ACTIVITY:
Starting with the line that has "JERSEY BÁSICO PUNTO CUELLO SUBIDO", retype each line down to the end of the entries below, without leaving any out or adding any.

MATERIAL FOR THIS TASK:
**********
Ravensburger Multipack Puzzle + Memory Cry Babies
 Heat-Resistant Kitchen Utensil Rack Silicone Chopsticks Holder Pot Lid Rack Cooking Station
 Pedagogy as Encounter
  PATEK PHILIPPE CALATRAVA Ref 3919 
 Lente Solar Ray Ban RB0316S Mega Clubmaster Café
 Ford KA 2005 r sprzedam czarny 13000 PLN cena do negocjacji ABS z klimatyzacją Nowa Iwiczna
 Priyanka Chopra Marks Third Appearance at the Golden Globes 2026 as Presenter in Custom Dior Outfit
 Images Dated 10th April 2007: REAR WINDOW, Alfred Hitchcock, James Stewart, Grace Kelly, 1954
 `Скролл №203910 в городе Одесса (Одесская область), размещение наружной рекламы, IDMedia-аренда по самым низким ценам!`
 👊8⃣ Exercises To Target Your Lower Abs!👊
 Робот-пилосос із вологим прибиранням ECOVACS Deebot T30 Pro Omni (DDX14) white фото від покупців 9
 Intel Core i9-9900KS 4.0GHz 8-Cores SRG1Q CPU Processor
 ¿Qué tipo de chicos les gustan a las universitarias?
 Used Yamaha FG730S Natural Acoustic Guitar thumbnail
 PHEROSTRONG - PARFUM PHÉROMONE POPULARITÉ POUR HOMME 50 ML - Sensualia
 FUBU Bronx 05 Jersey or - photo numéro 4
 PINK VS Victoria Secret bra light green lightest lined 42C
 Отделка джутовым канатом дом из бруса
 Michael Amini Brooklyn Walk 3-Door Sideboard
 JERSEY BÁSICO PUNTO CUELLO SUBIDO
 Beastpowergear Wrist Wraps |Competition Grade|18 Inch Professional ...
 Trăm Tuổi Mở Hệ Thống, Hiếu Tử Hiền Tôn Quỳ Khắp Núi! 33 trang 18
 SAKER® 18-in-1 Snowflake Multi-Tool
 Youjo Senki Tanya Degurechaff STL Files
**********
THE ANSWER:
 JERSEY BÁSICO PUNTO CUELLO SUBIDO
 Beastpowergear Wrist Wraps |Competition Grade|18 Inch Professional ...
 Trăm Tuổi Mở Hệ Thống, Hiếu Tử Hiền Tôn Quỳ Khắp Núi! 33 trang 18
 SAKER® 18-in-1 Snowflake Multi-Tool
 Youjo Senki Tanya Degurechaff STL Files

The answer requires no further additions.